Outubro
A Valsa de um País
Por Roberta Mathias
Durante o Festival do Rio 2019
Aguçada pelo clima pré-eleições de 2018, a atriz Maria Ribeiro decide fazer “Outubro” um filme que mistura ficção e realidade – tal qual parece se apresentar a estrutura do país. Ainda que flerte com essa linguagem, é no formato de diário que o filme ganha forma. Além de separar por datas iniciadas a partir de 15 de outubro, a atriz vai atrás de personalidades e especialistas que estejam de alguma forma envolvidos afetivamente com as eleições e cria uma espécie de ensaio audiovisual.
A direção é dividida com Loiro Cunha que, em tom agudo, sentenciou no MAM durante a apresentação da sessão especial no Festival do Rio de 2019, dentro da seleção da Mostra Première Brasil: Fronteiras: “Estamos aqui, continuaremos aqui”. Logo nas primeiras sequências do filme, uma Maria Ribeiro em choque observa da janela do quarto de hotel em São Paulo um manifestante em carro de som gritando “Essa menina é indigenista, ela é jornalista”, como se essas fossem características a serem combatidas. Como ofensas. No Brasil pré-eleição (e ainda hoje) ficou mesmo difícil entender o que era xingamento e o que era elogio. Entendendo a gravidade daquela semana muito particular, Ribeiro abandonou logo o vestido de noiva, mas não a analogia com o casamento.
Pouco antes, em setembro, o Movimento Ele Não também havia levado milhares de pessoas (principalmente mulheres) às ruas. A pergunta disparadora para Ribeiro foi: “Para quem eu diria sim hoje?” A analogia com o casamento explica o vestido e o certo grau de tensão que perpassa o filme. “Outubro” é um filme sobre o medo, sobre uma tristeza de fundo, como aponta a psicóloga Maria Rita Kehl, novamente entrevistada em um filme sobre os acontecimentos políticos no Brasil na programação do Festival (o outro foi “O Mês que não Terminou“). Nessa véspera de eleição presidencial, no entanto, podemos observar uma Maria Rita abatida, cansada e com medo por um país que “não está autoritário, não está repressivo, está psicótico”.

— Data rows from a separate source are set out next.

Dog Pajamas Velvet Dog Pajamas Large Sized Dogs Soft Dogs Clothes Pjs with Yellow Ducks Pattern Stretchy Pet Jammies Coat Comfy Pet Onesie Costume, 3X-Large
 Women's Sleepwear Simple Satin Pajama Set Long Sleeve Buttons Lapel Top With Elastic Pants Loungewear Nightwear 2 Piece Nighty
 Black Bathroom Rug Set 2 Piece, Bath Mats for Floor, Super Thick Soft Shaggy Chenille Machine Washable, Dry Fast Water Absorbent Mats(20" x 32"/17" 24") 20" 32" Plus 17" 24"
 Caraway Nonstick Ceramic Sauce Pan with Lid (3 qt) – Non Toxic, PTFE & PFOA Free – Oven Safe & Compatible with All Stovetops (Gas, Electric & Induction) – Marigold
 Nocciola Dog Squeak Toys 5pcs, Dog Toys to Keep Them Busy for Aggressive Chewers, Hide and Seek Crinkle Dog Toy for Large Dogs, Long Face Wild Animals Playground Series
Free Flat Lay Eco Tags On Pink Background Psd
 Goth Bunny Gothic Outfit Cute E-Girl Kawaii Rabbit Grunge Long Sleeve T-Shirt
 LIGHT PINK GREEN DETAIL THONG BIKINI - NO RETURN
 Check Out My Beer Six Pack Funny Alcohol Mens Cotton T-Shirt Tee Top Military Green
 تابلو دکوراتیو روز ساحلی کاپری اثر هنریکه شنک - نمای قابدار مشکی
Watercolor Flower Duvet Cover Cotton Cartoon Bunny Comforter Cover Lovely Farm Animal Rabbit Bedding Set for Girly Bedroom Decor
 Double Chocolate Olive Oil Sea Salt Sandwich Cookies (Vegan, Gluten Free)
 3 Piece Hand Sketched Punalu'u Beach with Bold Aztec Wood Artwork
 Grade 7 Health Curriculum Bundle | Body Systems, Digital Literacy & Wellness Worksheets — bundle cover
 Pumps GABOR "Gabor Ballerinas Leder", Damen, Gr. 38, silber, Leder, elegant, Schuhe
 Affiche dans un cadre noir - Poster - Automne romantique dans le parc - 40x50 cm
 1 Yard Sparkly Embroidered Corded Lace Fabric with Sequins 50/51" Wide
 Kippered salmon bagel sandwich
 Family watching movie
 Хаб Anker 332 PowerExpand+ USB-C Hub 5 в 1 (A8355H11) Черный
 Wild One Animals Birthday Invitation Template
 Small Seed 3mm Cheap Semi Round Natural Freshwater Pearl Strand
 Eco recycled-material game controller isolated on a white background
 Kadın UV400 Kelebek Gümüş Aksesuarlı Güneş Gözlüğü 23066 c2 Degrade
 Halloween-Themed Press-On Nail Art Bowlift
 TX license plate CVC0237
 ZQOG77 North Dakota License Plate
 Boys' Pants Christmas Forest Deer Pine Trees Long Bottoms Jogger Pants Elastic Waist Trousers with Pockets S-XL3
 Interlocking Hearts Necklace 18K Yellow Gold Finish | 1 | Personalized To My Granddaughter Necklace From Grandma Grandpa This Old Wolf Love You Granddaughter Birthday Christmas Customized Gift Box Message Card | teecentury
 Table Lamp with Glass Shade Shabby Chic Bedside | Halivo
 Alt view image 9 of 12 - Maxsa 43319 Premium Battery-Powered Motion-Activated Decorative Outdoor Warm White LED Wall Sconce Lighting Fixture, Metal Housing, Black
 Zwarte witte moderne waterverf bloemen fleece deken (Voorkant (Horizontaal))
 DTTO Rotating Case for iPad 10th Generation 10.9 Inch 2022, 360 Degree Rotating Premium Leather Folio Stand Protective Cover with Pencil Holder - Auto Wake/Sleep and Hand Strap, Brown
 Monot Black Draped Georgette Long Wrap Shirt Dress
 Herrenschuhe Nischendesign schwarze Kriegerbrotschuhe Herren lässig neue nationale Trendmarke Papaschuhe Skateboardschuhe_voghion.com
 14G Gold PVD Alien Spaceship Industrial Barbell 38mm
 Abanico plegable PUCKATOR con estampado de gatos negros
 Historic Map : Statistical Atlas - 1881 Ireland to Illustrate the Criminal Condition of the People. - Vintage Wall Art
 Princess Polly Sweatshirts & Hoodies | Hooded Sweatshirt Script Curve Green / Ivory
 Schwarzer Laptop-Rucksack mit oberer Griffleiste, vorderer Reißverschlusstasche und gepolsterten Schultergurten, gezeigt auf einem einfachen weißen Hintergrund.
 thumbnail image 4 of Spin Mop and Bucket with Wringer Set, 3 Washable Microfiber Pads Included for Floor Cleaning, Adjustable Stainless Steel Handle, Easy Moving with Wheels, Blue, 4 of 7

Pouco antes do dia da votação surgiu dentro do ambiente psiquiátrico e de saúde mental uma preocupação com pacientes que chegavam aos consultórios com um medo agudo. Essa tristeza, esse medo, acompanham a câmera dos cineastas ao longo do longa-metragem. A angústia, o desconforto. Talvez fossem essas as sensações que ligassem uma diversidade de pessoas (de um lado ou de outro) em um país que constantemente falha na manutenção de garantias básicas para a população.
Ao ver no time futebol um lugar seguro, Maria Ribeiro revela uma angústia muito própria após passar por uma nova separação, mas que – ao mesmo tempo – é de todos nós. O que fica? O que permanece? Maria pensa no time e, não despretensiosamente, anda com sua mochila do Fluminense para lá e para cá pelas ruas de São Paulo. Será que nossa referência de base é só um time? Pode um país se sustentar somente com a identificação à uma camisa amarela? Pode uma pessoa se sustentar somente com seu time de coração?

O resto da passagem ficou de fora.